When Pebble notices are not available, such as in a machine charm, we generally recommend a small number of retries when the charm has reason to expect that the issue will resolve in a very small period of time. When it’s likely that several seconds, or longer, will be required, we recommend considering what other events are likely to arrive after the service is ready, and having each of them take care of the post-service-start work via a common method. If the charm is unlikely to receive other events (remember: you shouldn’t rely on update-status
arriving in time) then we recommend judicious use of defer()
.
Note: in the very simple case where a Charm author is trying to test a service – e.g. loki – and there exists a test charm which needs to wait for the loki service to be ready, there usually aren’t enough events in the model to quickly unstick a deferred action.
There are several solutions:
- Set a high frequency for
update-status
in a testing environment. This is usually an anti-pattern, because it runs the risk of masking other performance problems. - Start a ping-pong of updated relation data. This is also an anti-pattern; relations are not fit to serve as a bus for what is essentially inter-process communication.
- Use jhack ffwd or jhack fire to trigger the event. This requires the participation of a client computer, running outside of the model. In test environments, this computer can be the same one that is driving the test.
- In a Kubernetes sidecar charm, use a Pebble custom notice to have the workload notify the charm (via Juju) that the service is ready.
Dilemma #2: Out of order events
When a charm defers an event, it gets added to a queue of events that are executed before the event that triggered the Ops run.
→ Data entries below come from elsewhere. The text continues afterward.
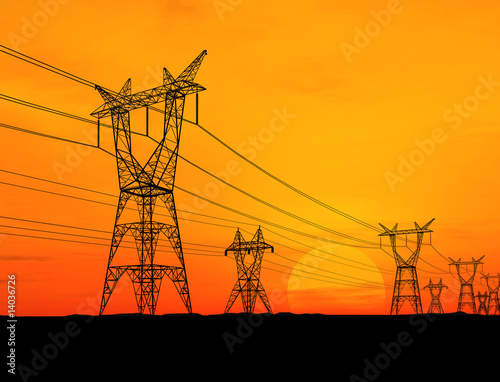 Electricity pylons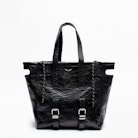 Sac Bianca - Sac cabas noir femme en cuir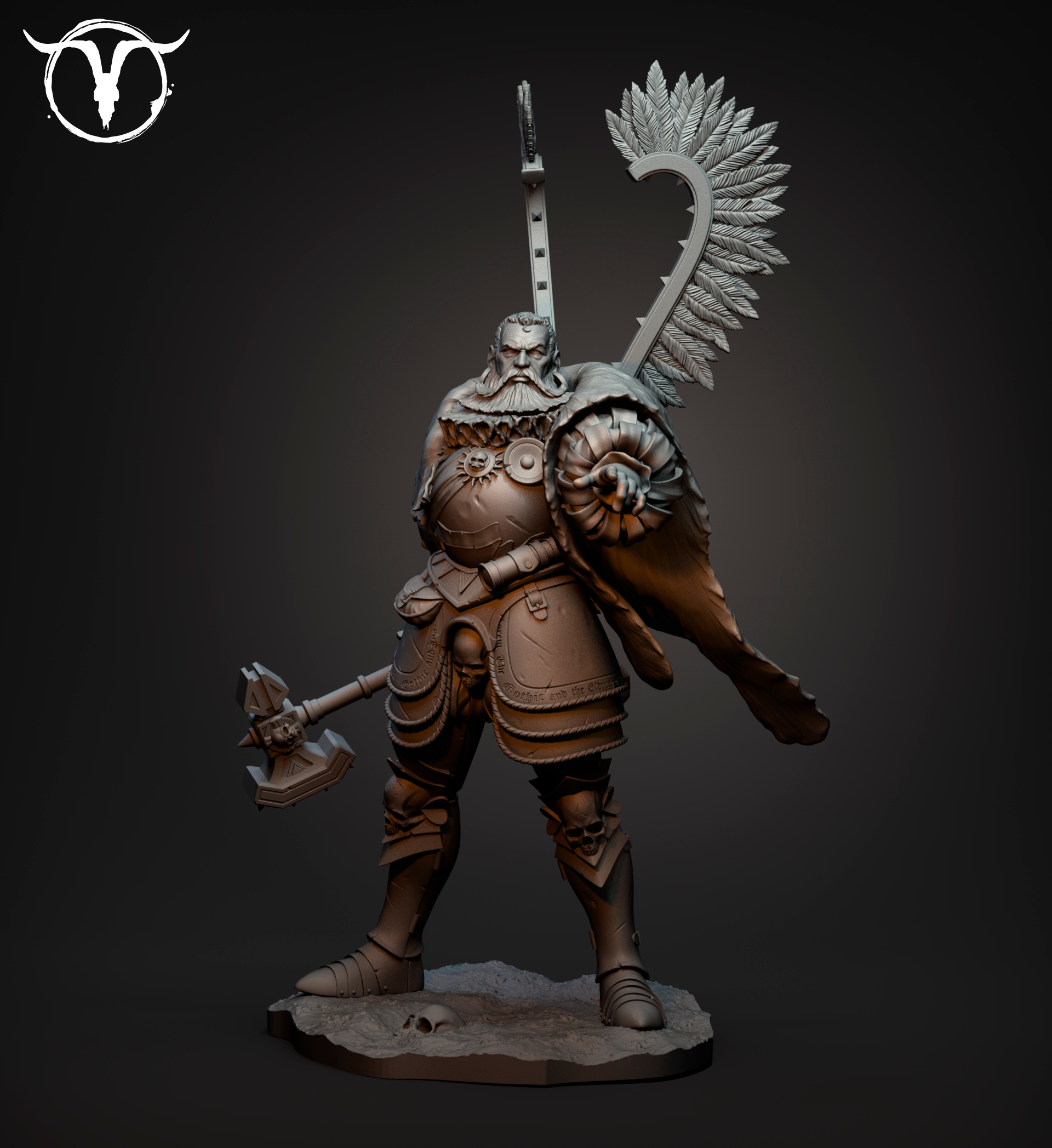 Akelarre Models 75/80 mm Wolfram + Murktail pack figurine résine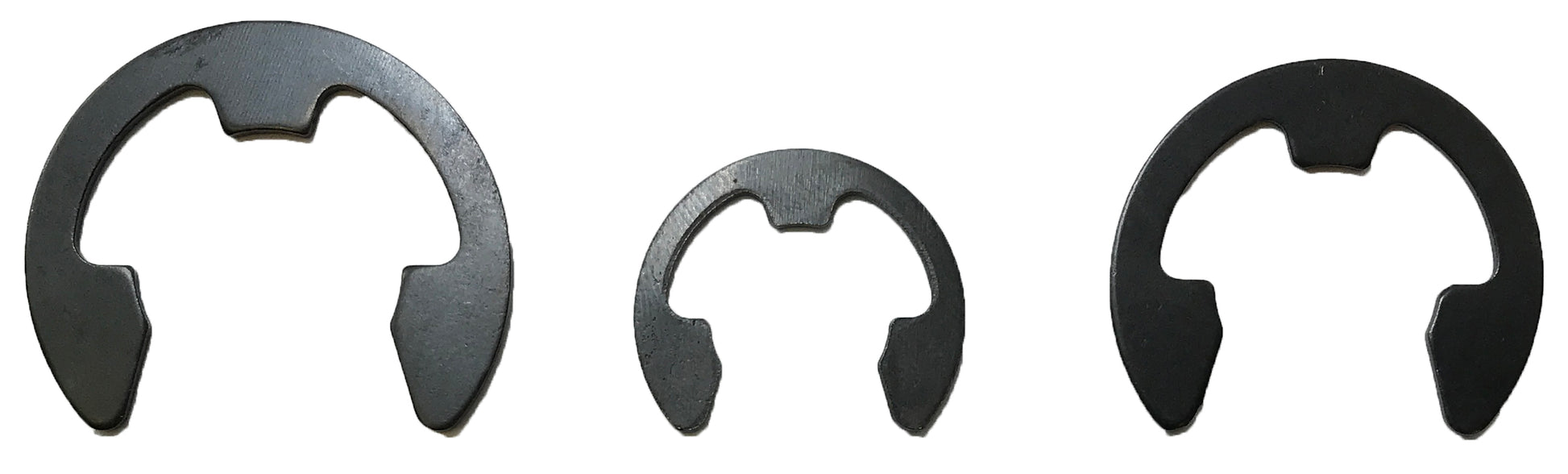300 Piece Black Industrial E-Clip Assortment Kit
This is done to preserve ordering whenever possible, but it can cause two issues:
Firstly, a deferred event may fire before the event that will ‘fix’ it.
In these cases, there may be an issue with the charm’s logic, and it may be better to refactor the charm to better reflect the order of operations in the Juju cloud.
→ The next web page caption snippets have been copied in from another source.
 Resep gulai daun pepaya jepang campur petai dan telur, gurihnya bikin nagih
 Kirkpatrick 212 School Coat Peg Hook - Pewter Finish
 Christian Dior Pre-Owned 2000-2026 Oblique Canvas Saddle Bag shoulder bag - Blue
For example, the Juju controller emits an install
event for every charm, followed by a config_changed
event. If logic in the install
event cannot complete until after config_changed
has been triggered, it is probably necessary to move that logic into the config_changed
handler.
Secondly, deferring one event does not prevent other events in the queue from being processed. One consequence is that a twice deferred event may be executed outside of the ordering contracts that Juju makes.
For example, install
is always followed by config-changed
. If a charm defers the install
handler once, it will execute before any config-changed
handlers. However, if the install
event is deferred again, the config-changed
event may be processed, and the install
hook would then fire in something other than the expected order.
In these cases, ‘later’ events may need to ‘catch-up’ or ‘reconcile’ to ensure that the charm is in the expected state, or check for missing work and defer()
the second event as well. Care needs to be taken when designing the charm logic that it’s not possible to continuously build up a queue of deferred events - at some point the charm needs to give up and ask the user to solve the problem.